The Lachman’s test is performed between 20°-30° of knee flexion, which helps to isolate the affect of the ACL providing stability to anterior translation of the knee. It is absolutely essential during this exam that the patient relax as much as possible so that the examiner can determine if there is any increase in motion anteriorly. Thus, in an acute injury, where a patient may be unable to relax entirely, it may not be possible to determine whether the ACL is intact.
One hand of the examiner will secure and stabilize the distal femur while the other hand will secure and stabilize the proximal tibia. A gentle anterior translation force is then applied to the proximal tibia to determine if there is an end point. In general, there should be a minimal, usually 0-3 mm, amount of increased translation. In most patients, one can feel a hard, firm stop which is provided by the ACL. In other patients, it may be difficult to determine this because of guarding. In patients who do not have a firm stop, or endpoint, one should be very suspicious that there is an ACL tear.

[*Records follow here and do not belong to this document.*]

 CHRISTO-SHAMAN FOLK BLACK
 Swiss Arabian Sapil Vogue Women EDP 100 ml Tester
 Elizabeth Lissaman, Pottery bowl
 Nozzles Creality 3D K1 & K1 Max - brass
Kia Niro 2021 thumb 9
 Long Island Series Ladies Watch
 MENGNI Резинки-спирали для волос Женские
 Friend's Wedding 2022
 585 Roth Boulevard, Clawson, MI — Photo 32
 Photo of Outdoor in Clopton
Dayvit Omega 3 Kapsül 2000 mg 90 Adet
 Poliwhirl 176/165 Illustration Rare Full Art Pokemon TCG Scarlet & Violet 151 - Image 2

In patients who have a significantly increased amount of anterior translation in a Lachman’s test, there must be concern that there is a lack of secondary restraints present which would put a future ACL reconstruction graft at risk for stretching out over time. This lack of secondary restraints can include injuries to the posterolateral corner of the knee, unrecognized posterior cruciate ligament tears, deficiency of the posterior horn of the medial meniscus, or a posterior horn medial meniscus root tear. Other causes may also be present but are less frequent. Thus, when the examiner finds a 3+ or 4+ Lachman’s test, one must be very suspicious that there is a lack of secondary restraints and the cause of this should be investigated further.